### YOUR ASSIGNMENT
Take the records below and set down exactly the lines from the one with "Let's learn all" to the one with "This is a coil", ends included; do not copy the pictures.

[[ SOURCE DATA, beginning ]]

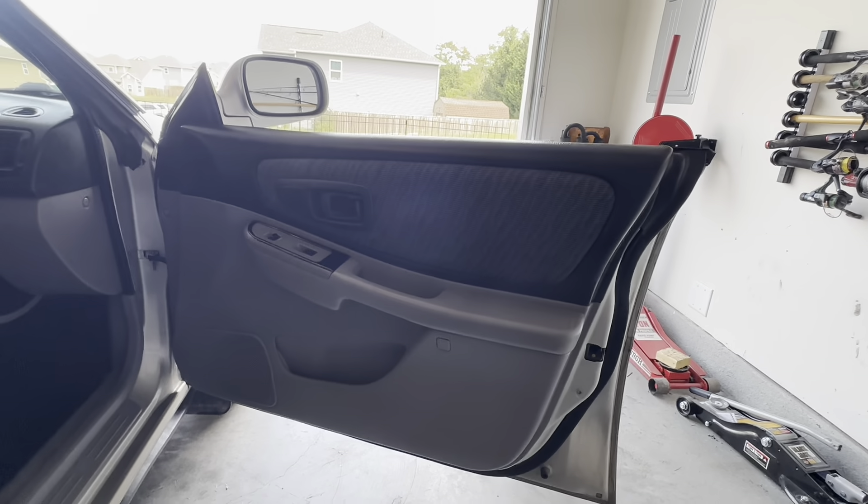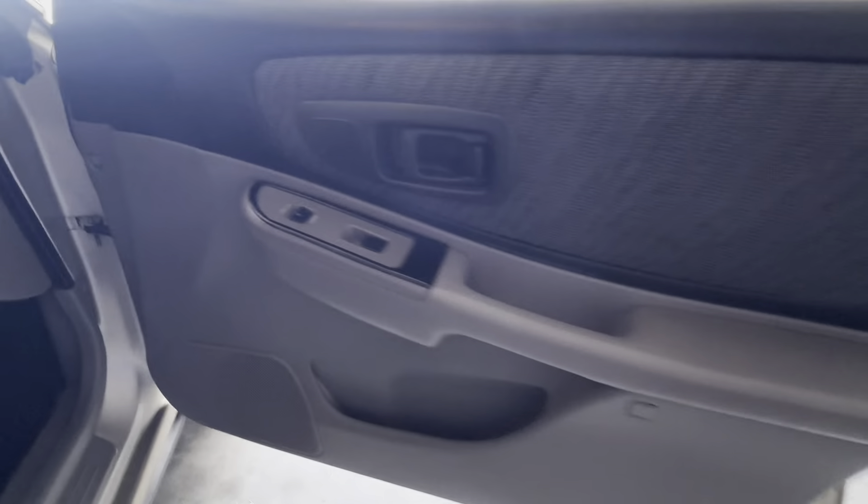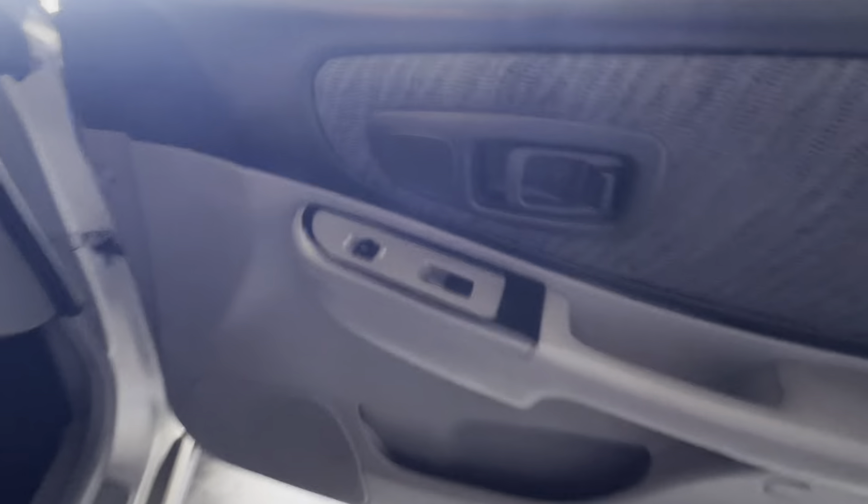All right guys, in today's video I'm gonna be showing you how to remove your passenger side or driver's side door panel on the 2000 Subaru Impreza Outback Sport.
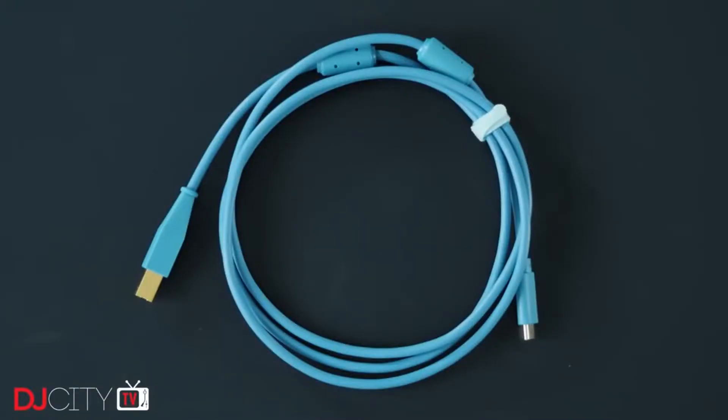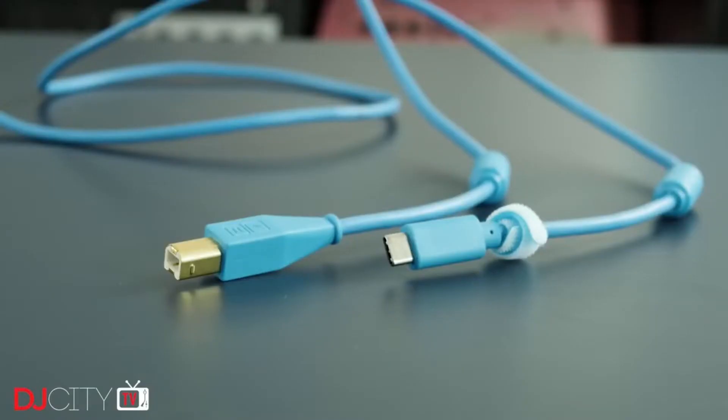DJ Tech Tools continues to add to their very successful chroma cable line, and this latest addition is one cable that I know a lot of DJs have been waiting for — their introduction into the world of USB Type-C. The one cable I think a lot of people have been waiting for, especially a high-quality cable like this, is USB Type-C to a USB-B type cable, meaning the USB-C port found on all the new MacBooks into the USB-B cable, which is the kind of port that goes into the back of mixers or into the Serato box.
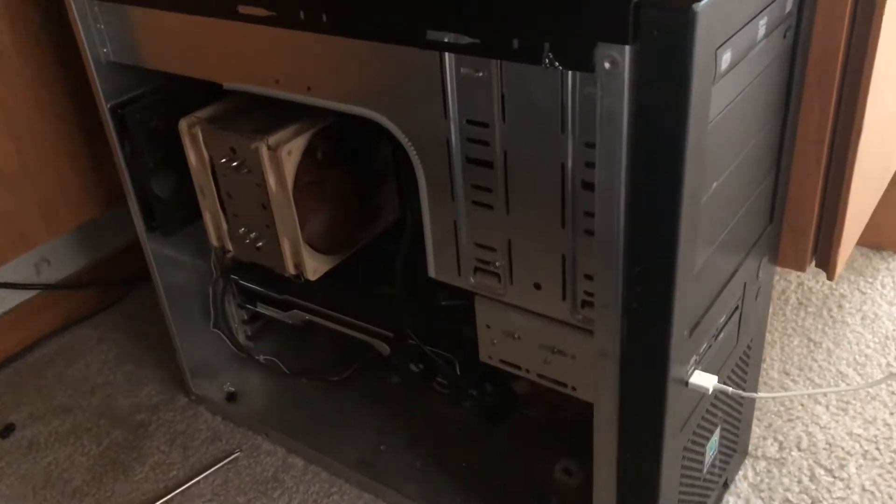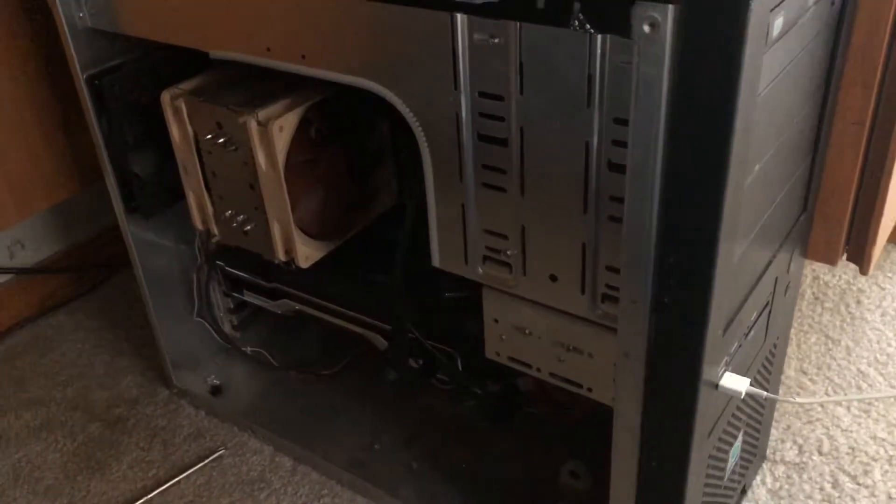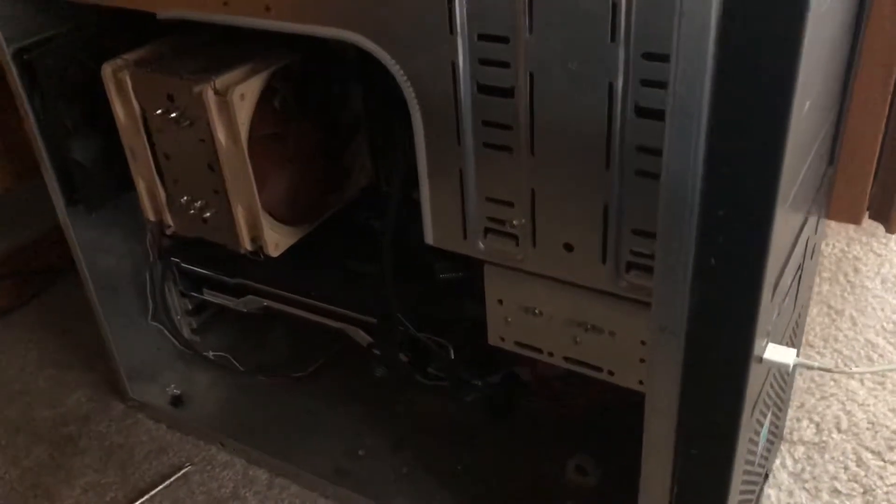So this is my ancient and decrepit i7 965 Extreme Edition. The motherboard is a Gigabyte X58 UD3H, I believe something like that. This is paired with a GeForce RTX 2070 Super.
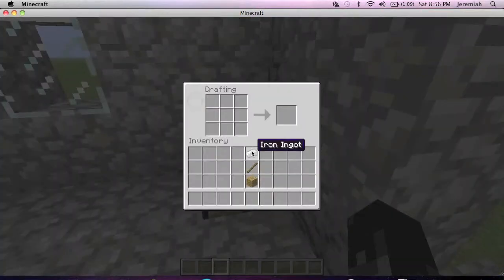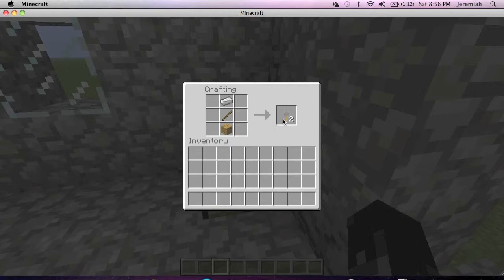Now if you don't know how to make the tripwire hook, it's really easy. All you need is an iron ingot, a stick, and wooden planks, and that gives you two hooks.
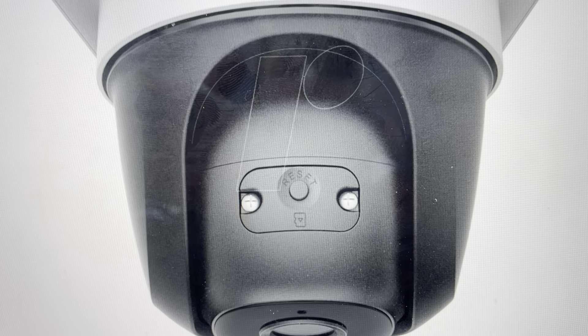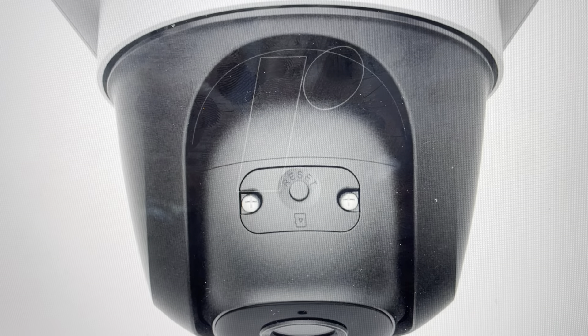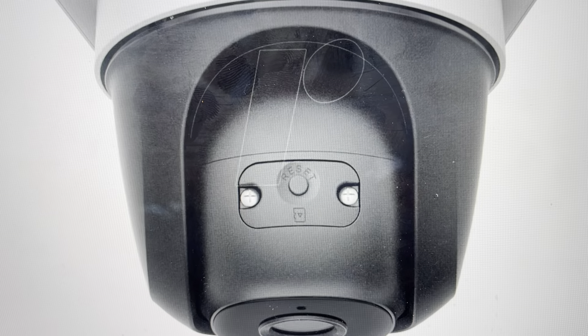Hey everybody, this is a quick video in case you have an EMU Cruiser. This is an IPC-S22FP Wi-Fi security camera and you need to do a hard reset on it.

[[ SOURCE DATA, end ]]
[[ SOURCE DATA, beginning ]]

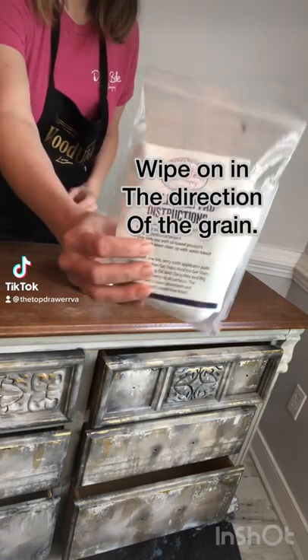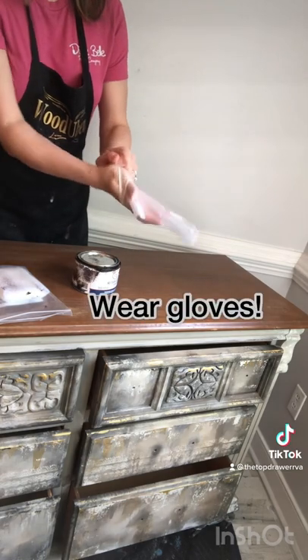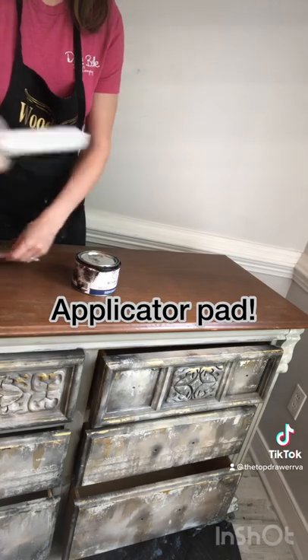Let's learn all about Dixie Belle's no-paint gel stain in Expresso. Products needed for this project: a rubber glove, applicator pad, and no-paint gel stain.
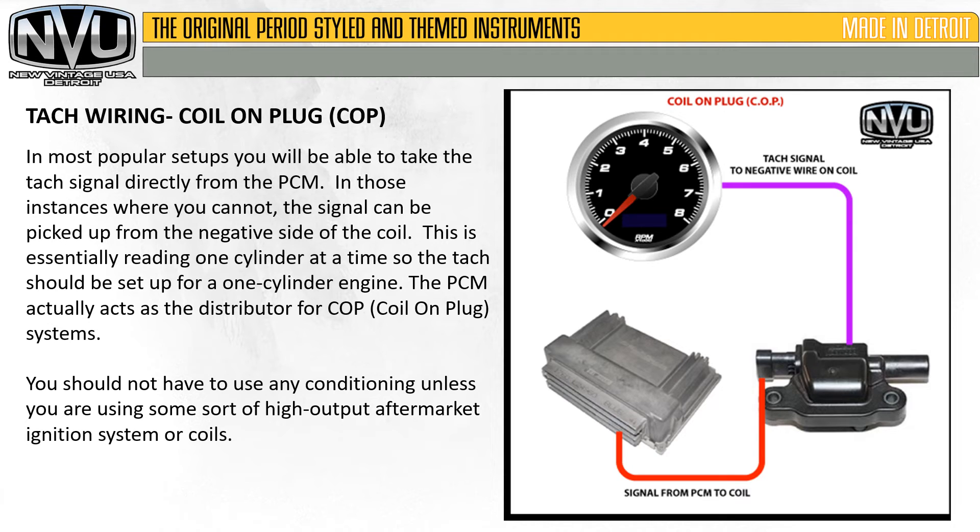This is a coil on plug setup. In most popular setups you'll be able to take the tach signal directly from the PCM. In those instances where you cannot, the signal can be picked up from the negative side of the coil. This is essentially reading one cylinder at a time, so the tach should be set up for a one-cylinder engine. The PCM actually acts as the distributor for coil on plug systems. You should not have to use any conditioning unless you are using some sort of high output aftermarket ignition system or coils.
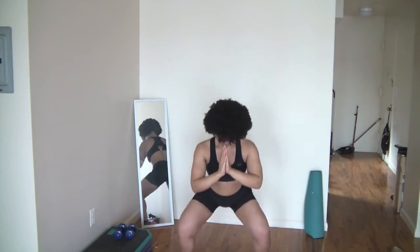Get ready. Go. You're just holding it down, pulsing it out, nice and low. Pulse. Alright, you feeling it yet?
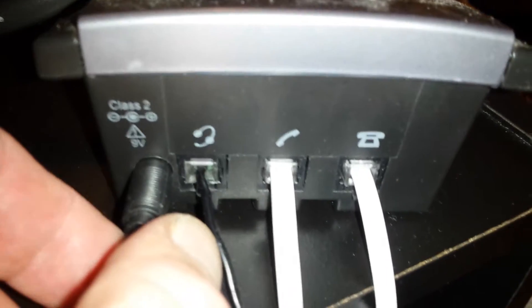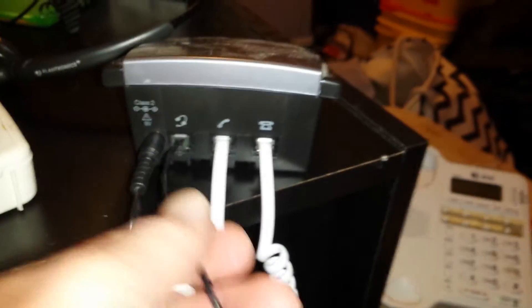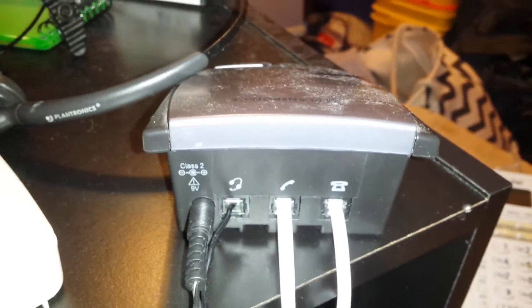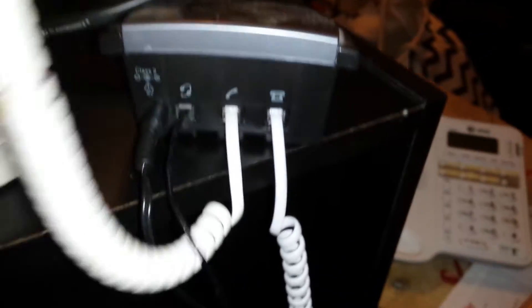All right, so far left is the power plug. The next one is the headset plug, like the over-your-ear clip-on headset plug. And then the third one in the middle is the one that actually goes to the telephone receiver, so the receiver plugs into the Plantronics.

[[ SOURCE DATA, end ]]
[[ SOURCE DATA, beginning ]]

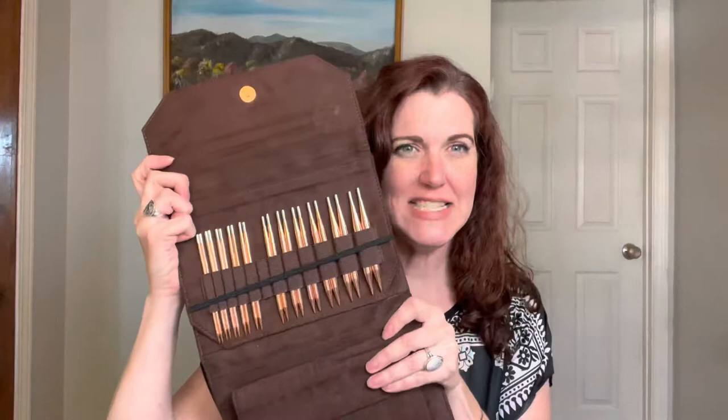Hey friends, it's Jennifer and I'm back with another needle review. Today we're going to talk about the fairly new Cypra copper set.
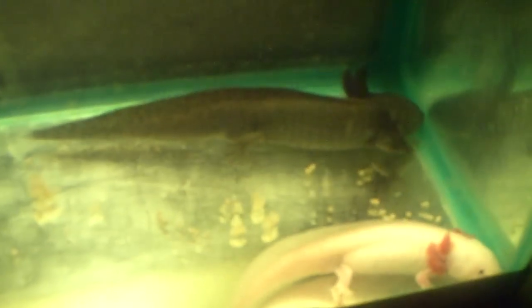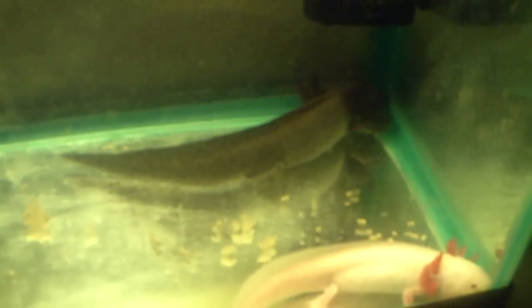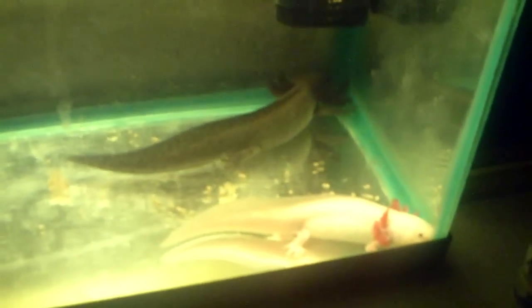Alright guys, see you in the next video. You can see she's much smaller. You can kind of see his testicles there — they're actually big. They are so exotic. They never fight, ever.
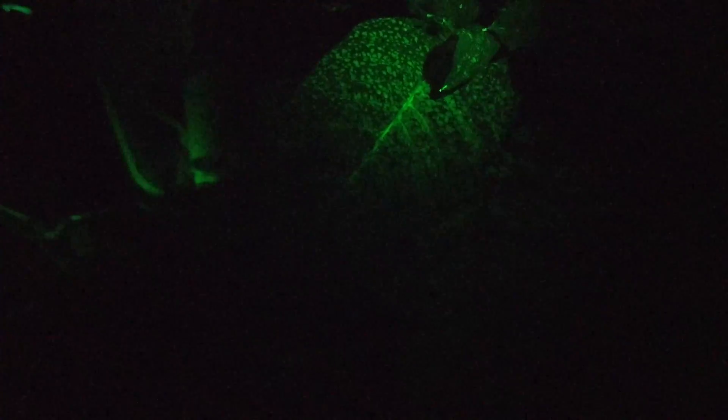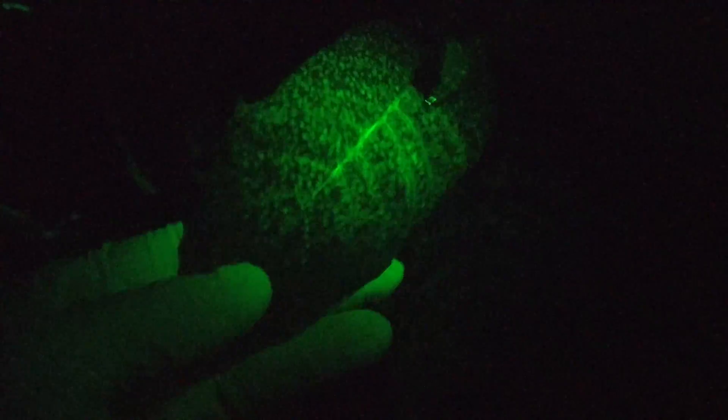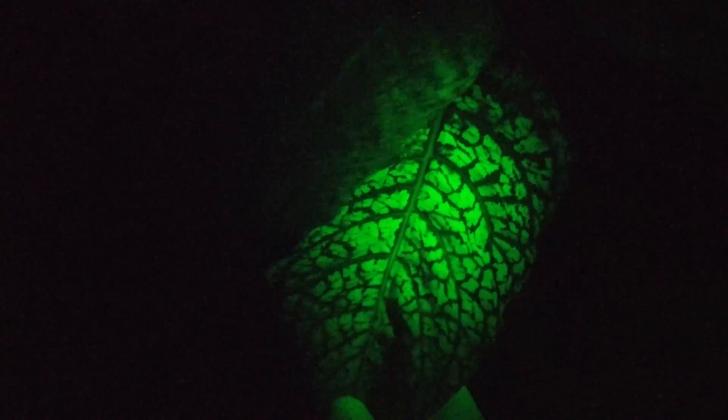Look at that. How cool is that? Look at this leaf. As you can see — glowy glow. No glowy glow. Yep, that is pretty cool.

[[ SOURCE DATA, end ]]

### SOLVED PROBLEM
Let's learn all about Dixie Belle's no-paint gel stain in Expresso. Products needed for this project: a rubber glove, applicator pad, and no-paint gel stain.
This is a coil on plug setup. In most popular setups you'll be able to take the tach signal directly from the PCM. In those instances where you cannot, the signal can be picked up from the negative side of the coil. This is essentially reading one cylinder at a time, so the tach should be set up for a one-cylinder engine. The PCM actually acts as the distributor for coil on plug systems. You should not have to use any conditioning unless you are using some sort of high output aftermarket ignition system or coils.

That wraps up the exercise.